Using the listing below, print the line containing "Lot of 2 Boys", the line containing "Fantasy inspired wire", and each line between them, exactly and nothing else. Pictures stay out of the print.

Given records:
■ ■ ■ ■

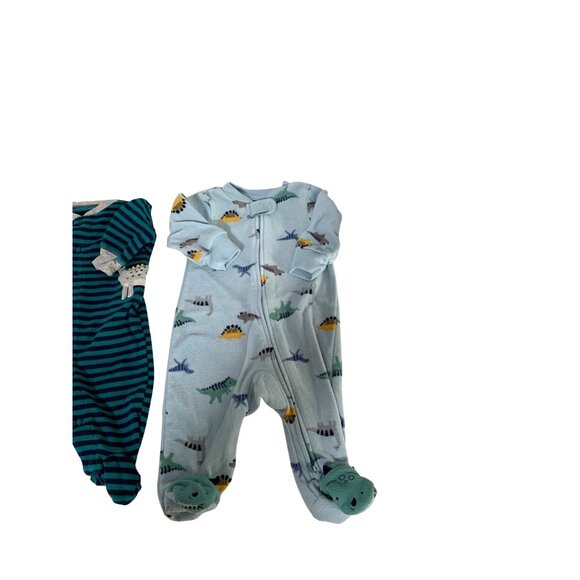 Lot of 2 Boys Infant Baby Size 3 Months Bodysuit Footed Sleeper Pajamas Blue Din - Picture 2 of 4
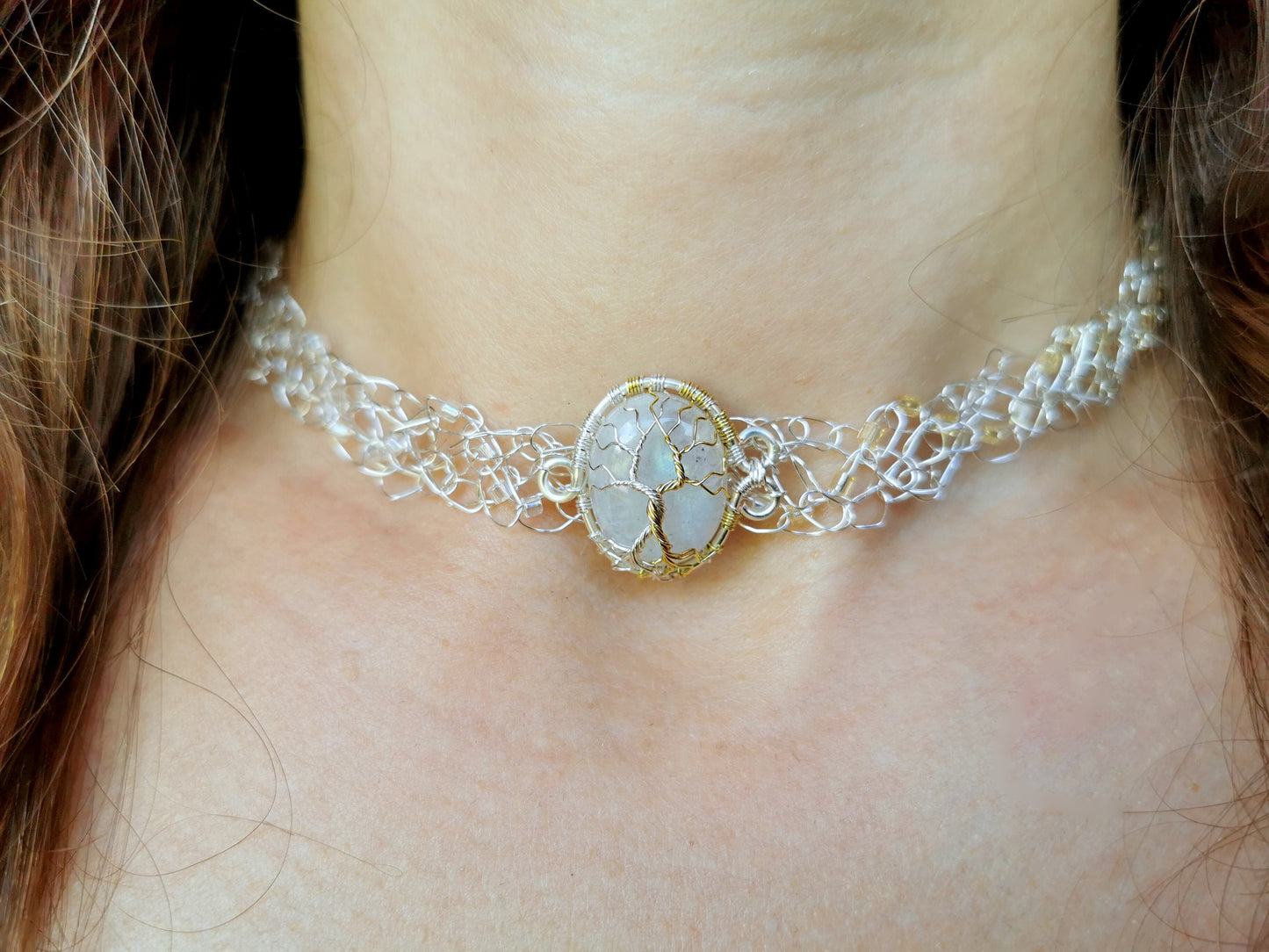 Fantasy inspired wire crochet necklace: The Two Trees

■ ■ ■ ■

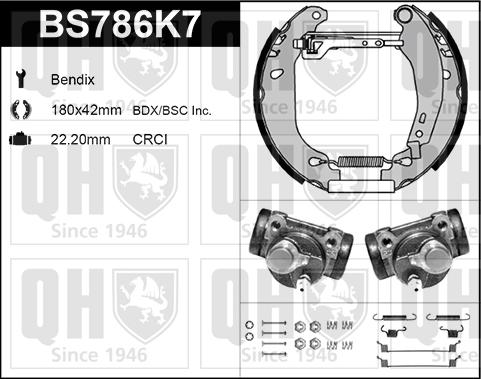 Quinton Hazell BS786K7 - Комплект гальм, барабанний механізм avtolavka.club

■ ■ ■ ■

Solution for this exercise:
 Lot of 2 Boys Infant Baby Size 3 Months Bodysuit Footed Sleeper Pajamas Blue Din - Picture 2 of 4
 Fantasy inspired wire crochet necklace: The Two Trees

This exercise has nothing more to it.